**Aim of the exercise:** Start at the line that contains "Pinko Cross Body" in the listing below and extract every line through the last, exactly; leave pictures out.

**The data:**
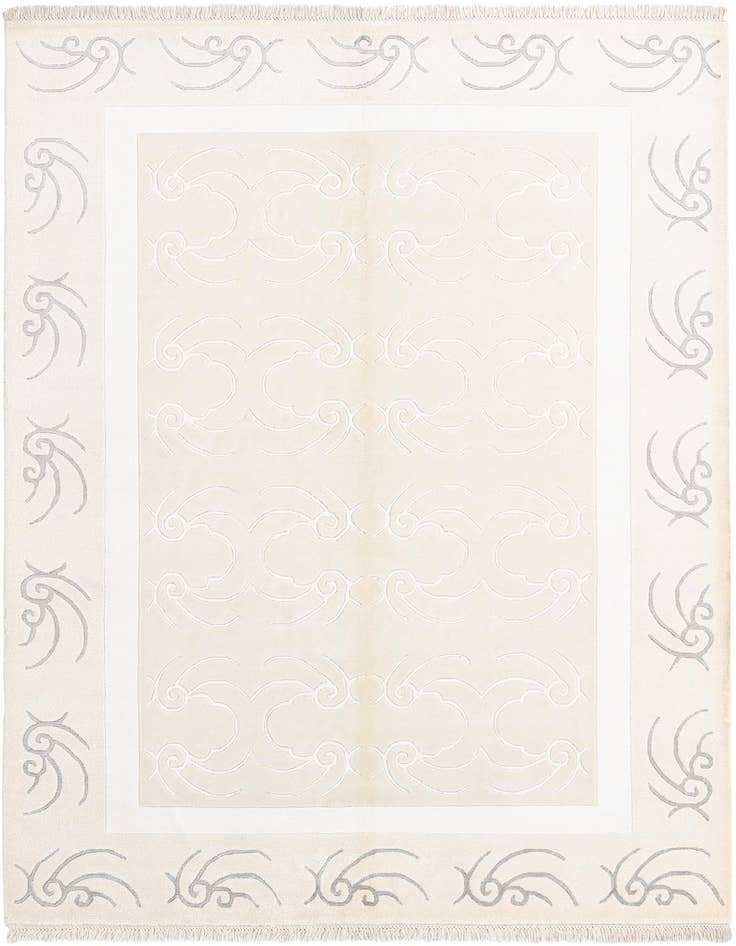 Detail image of 5' 7 x 7' 11 Hand Knotted Darya Wool Rug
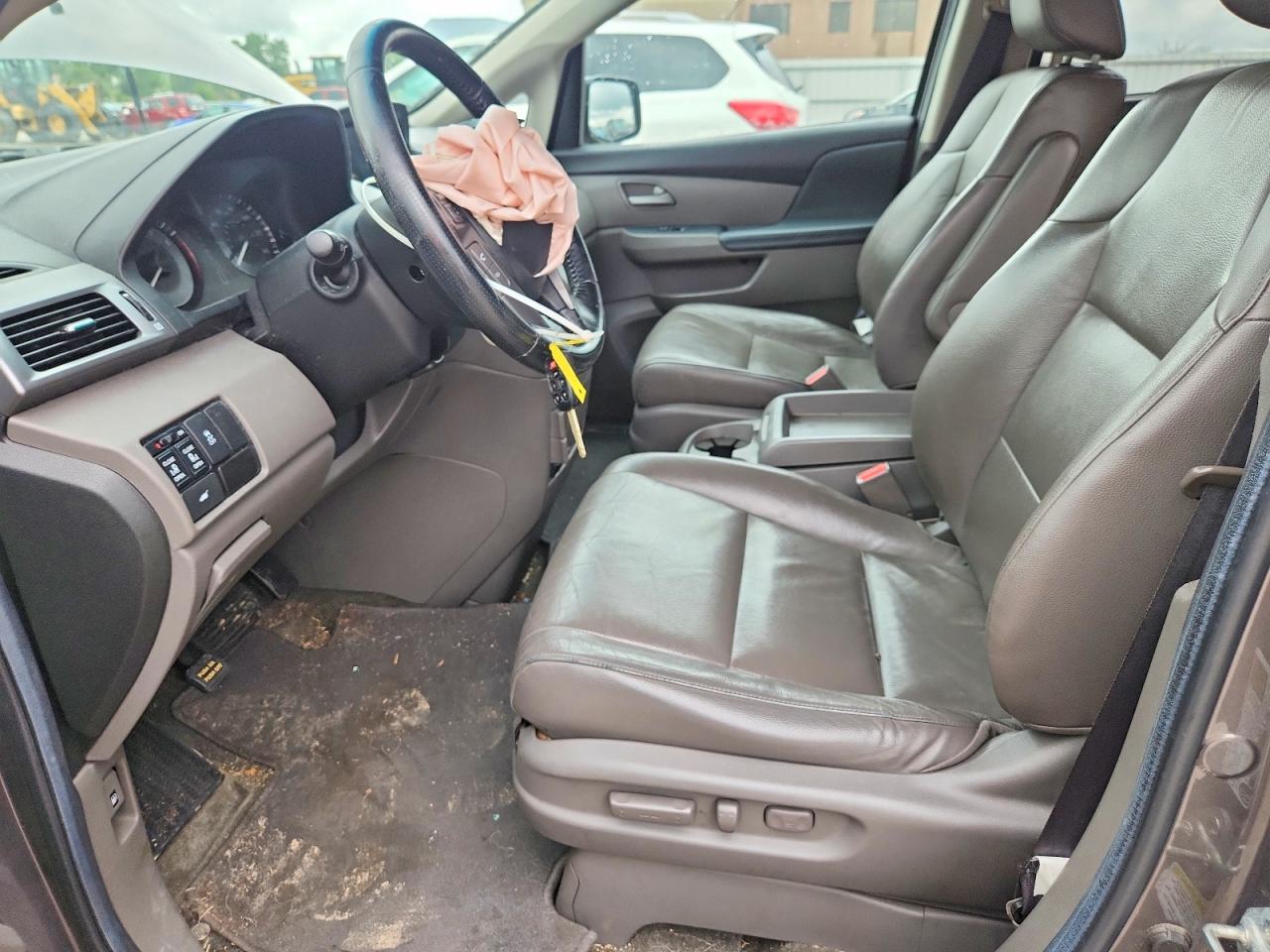 2012 Honda Odyssey Exl Gray vin: 5FNRL5H6XCB019424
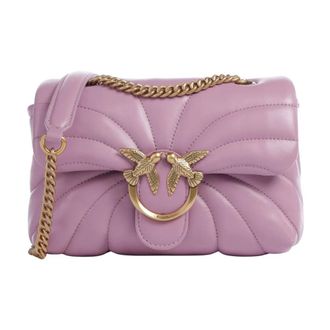 Pinko Cross Body Bags, female, Pink, Size: ONE SIZE Love Puff Mini CL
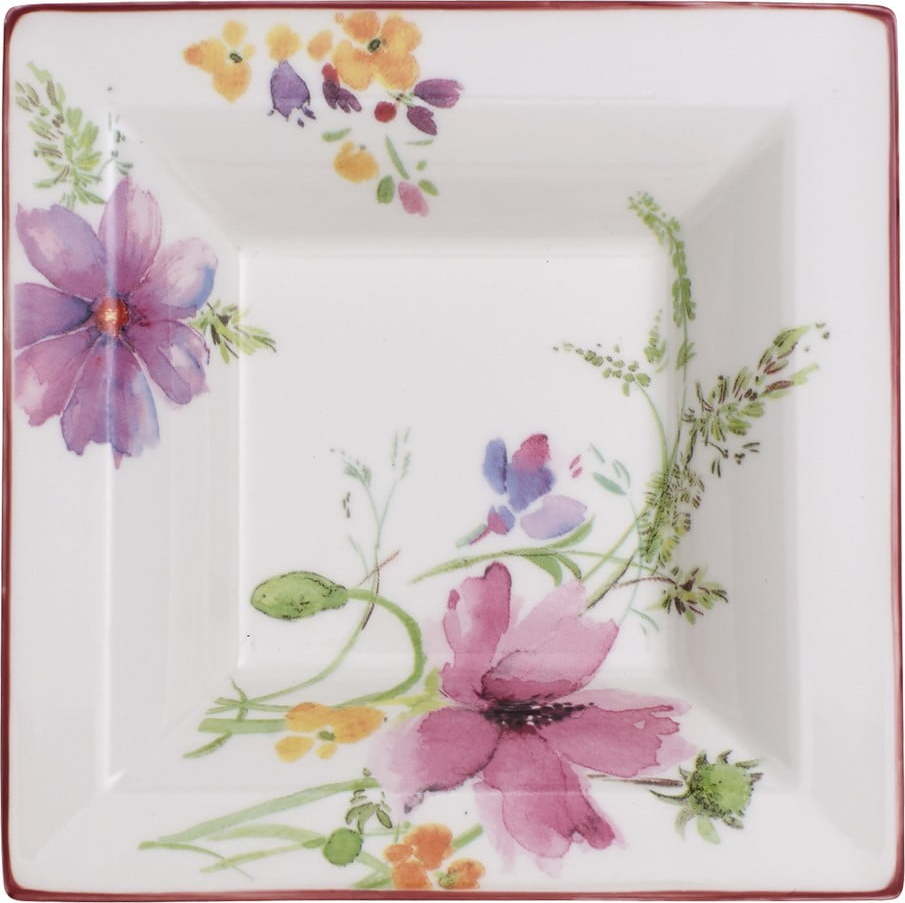 Hranatá porcelánová miska s motivem květin Villeroy & Boch Mariefleur Gifts Villeroy & boch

**Written solution:**
 Pinko Cross Body Bags, female, Pink, Size: ONE SIZE Love Puff Mini CL
 Hranatá porcelánová miska s motivem květin Villeroy & Boch Mariefleur Gifts Villeroy & boch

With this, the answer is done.